● Work to be completed:
Everything in the data below except the pictures must be repeated word for word.

● Data provided:
================================

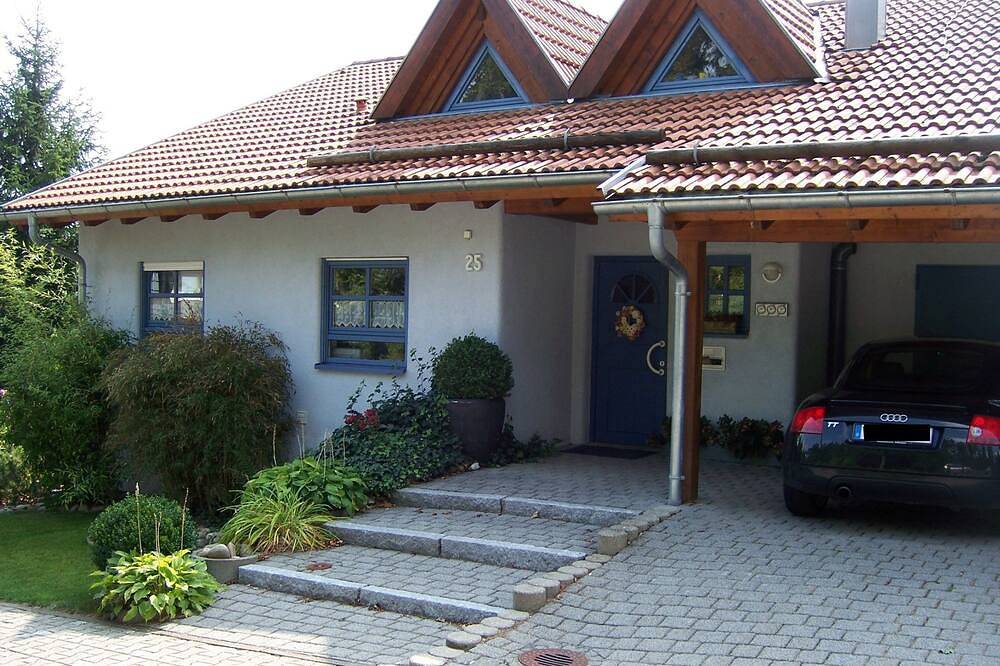 Ganze Wohnung, Ferienwohnung 38 qm, Parterre, kombinierter Wohn- und Schlafbereich, max. 2 Personen in Unterkirnach, Mittlerer Schwarzwald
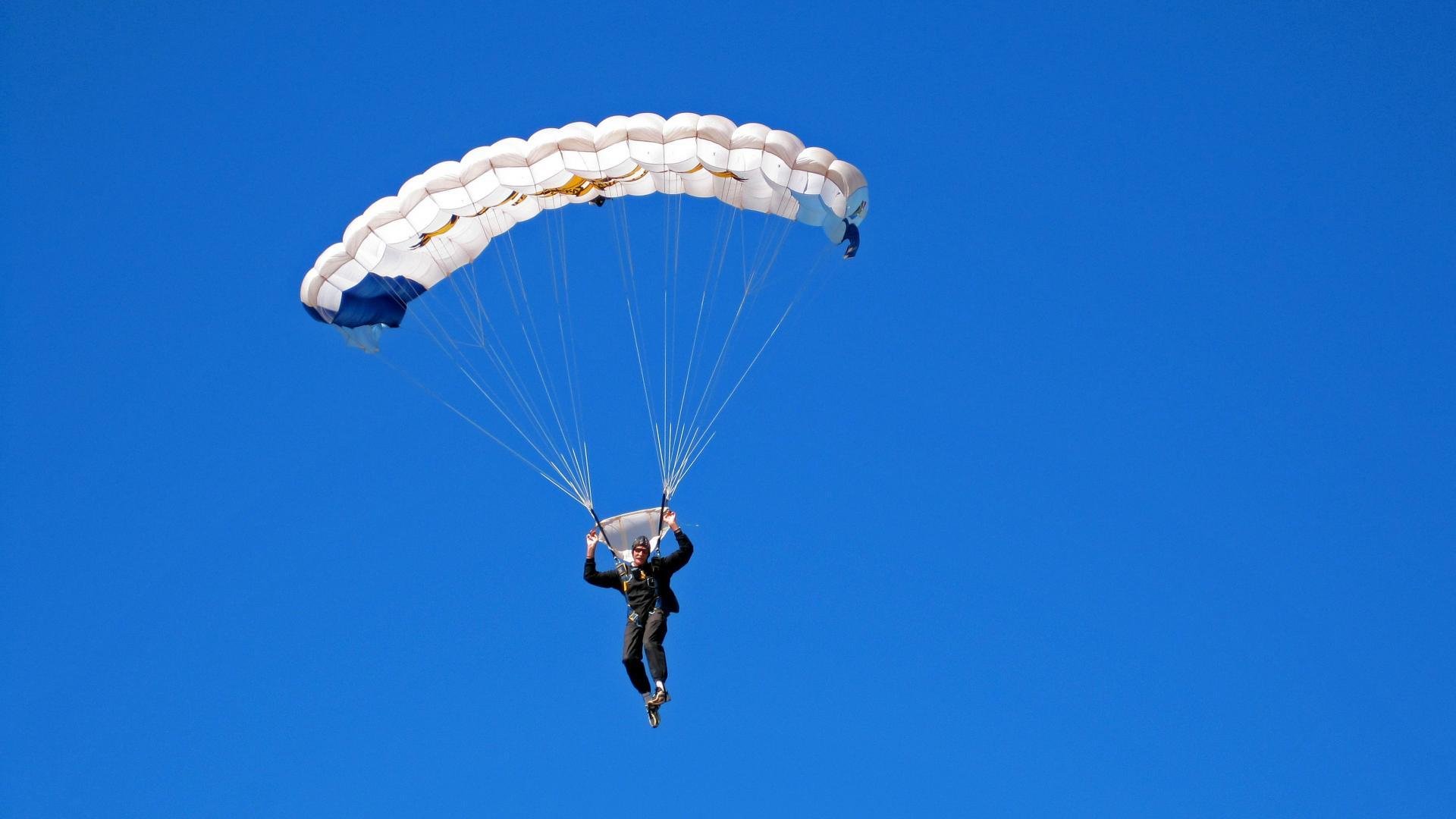 运动“逆天反转”瞬间,点燃全场!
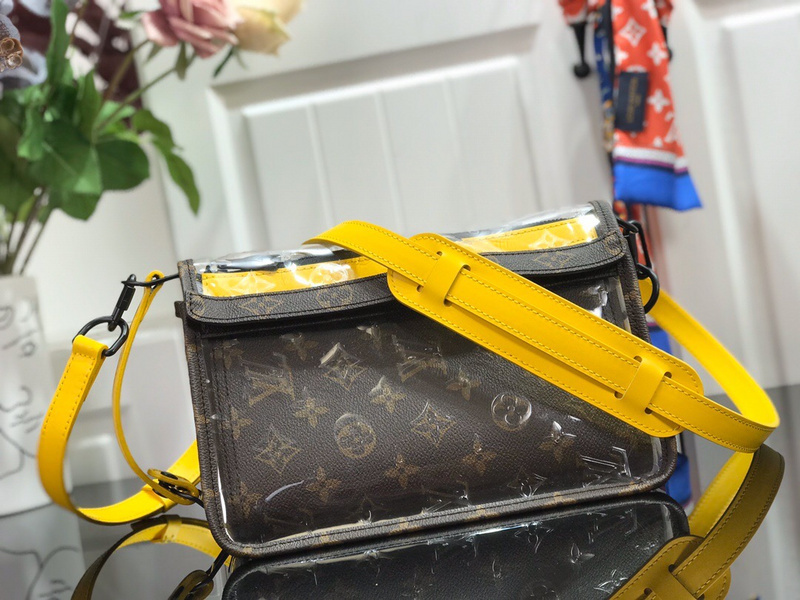 louis vuitton LV Shoulder bag M6111532C6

================================

● Result:
 Ganze Wohnung, Ferienwohnung 38 qm, Parterre, kombinierter Wohn- und Schlafbereich, max. 2 Personen in Unterkirnach, Mittlerer Schwarzwald
 运动“逆天反转”瞬间,点燃全场!
 louis vuitton LV Shoulder bag M6111532C6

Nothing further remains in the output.